## WORK ITEM
Reproduce word for word every line from the one containing "Goodlinen Co 100% Feather Standard Pillow" to the final line of the data below; omit the pictures.

## THE DATA
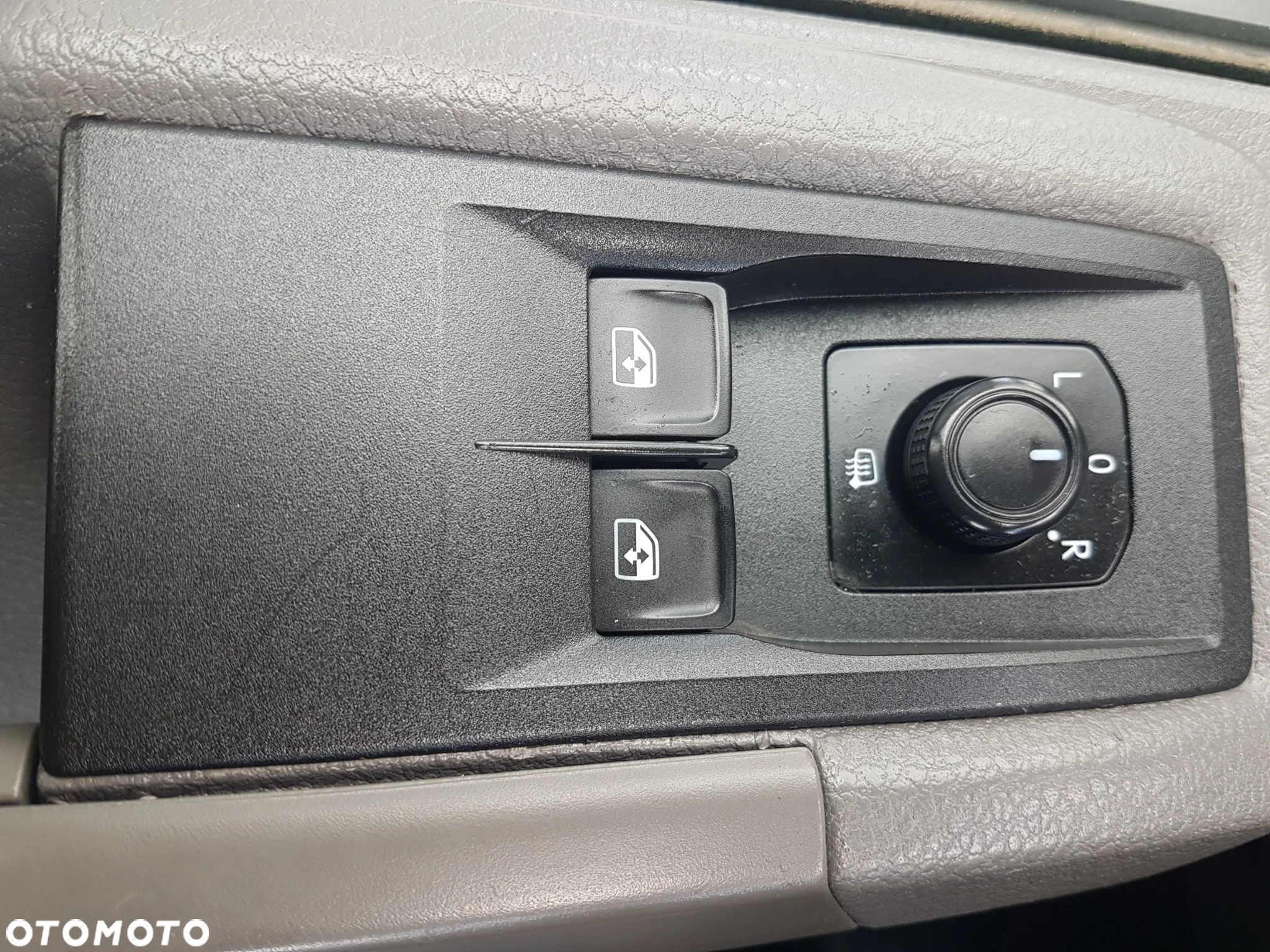 Volkswagen CRAFTER 8 EP KONTENER 4,10x2,15x2,32 KLIMA 2,0 TDI KRAJOWY DMC 3500 KG - 9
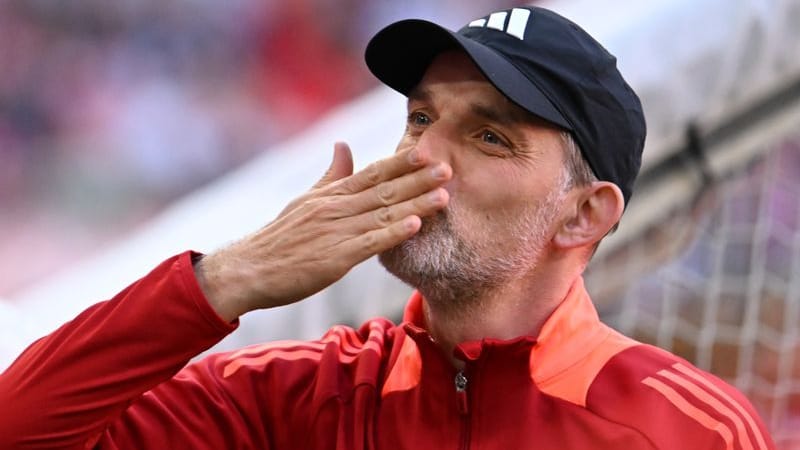 Bayern Münchens Ex-Trainer Thomas Tuchel wirft den Fans in der Allianz-Arena einen Kuss zu. (Archivbild)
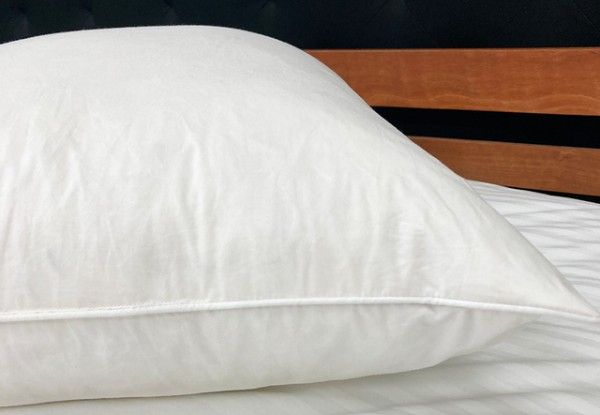 Goodlinen Co 100% Feather Standard Pillow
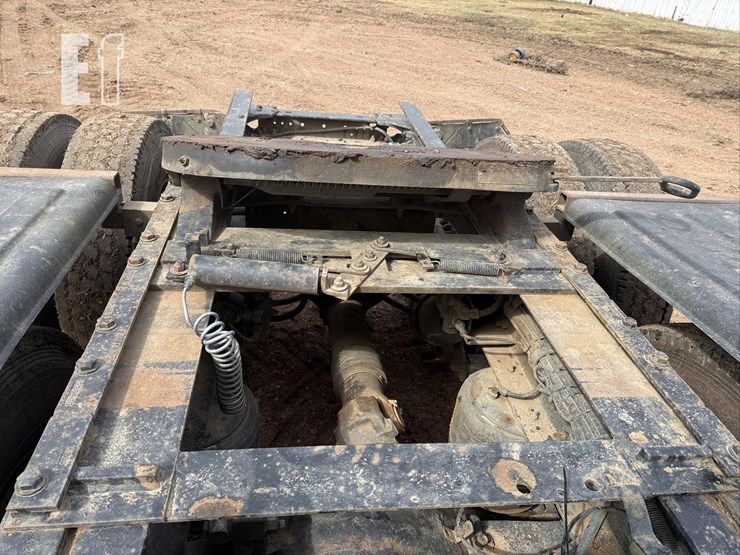 2005-kenworth-w900-image-27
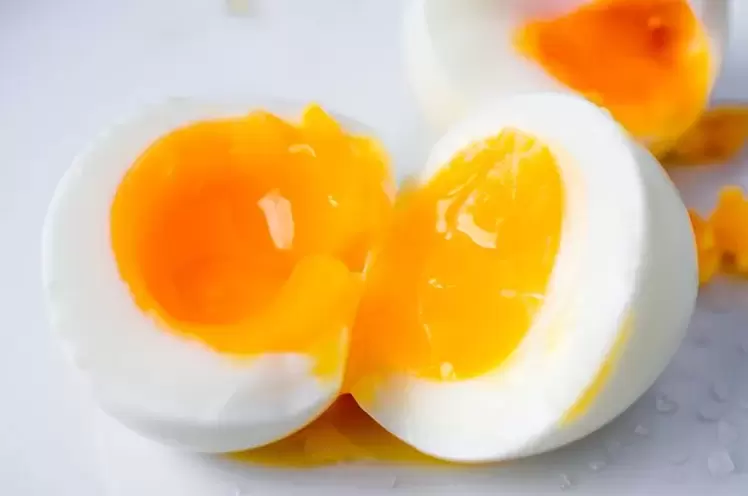 soft-boiled chicken eggs for a carb-free diet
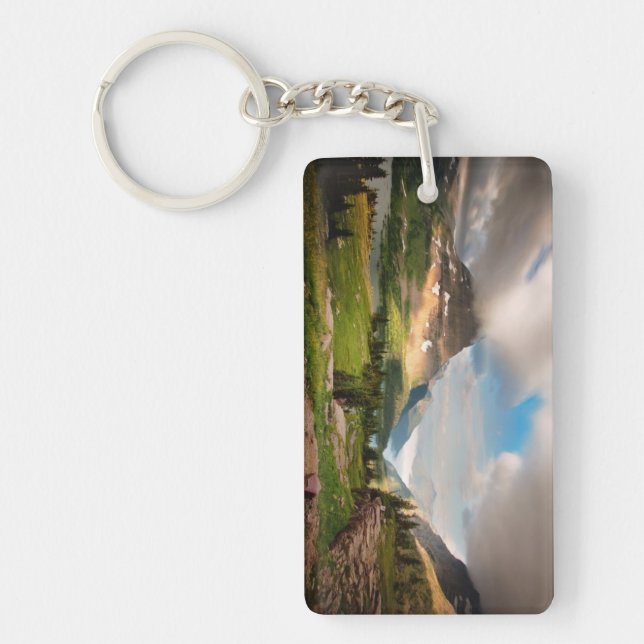 Wolken, die durch Berge fegen Schlüsselanhänger (Vorderseite)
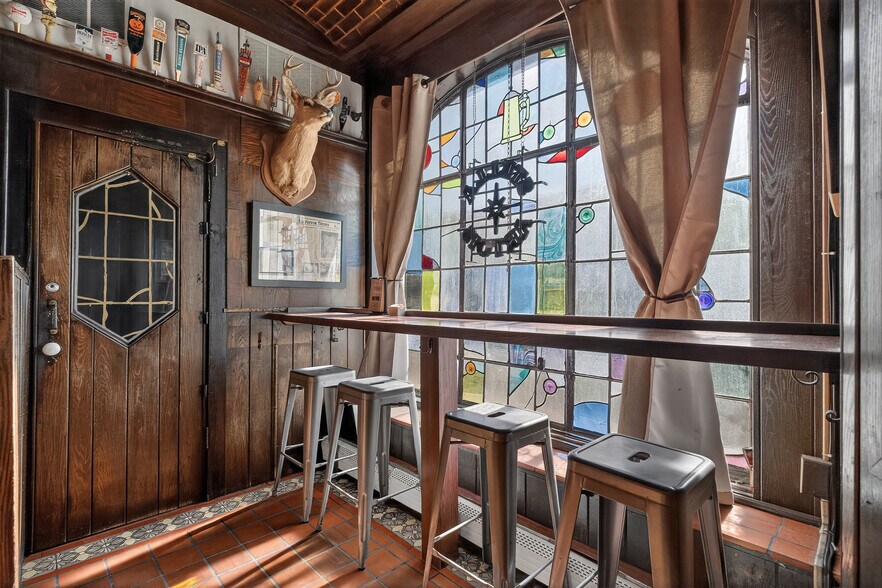 More Photos Of 671-673 Broadway, Bayonne Bar For Sale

## EXERCISE OUTPUT
 Goodlinen Co 100% Feather Standard Pillow
 2005-kenworth-w900-image-27
 soft-boiled chicken eggs for a carb-free diet
 Wolken, die durch Berge fegen Schlüsselanhänger (Vorderseite)
 More Photos Of 671-673 Broadway, Bayonne Bar For Sale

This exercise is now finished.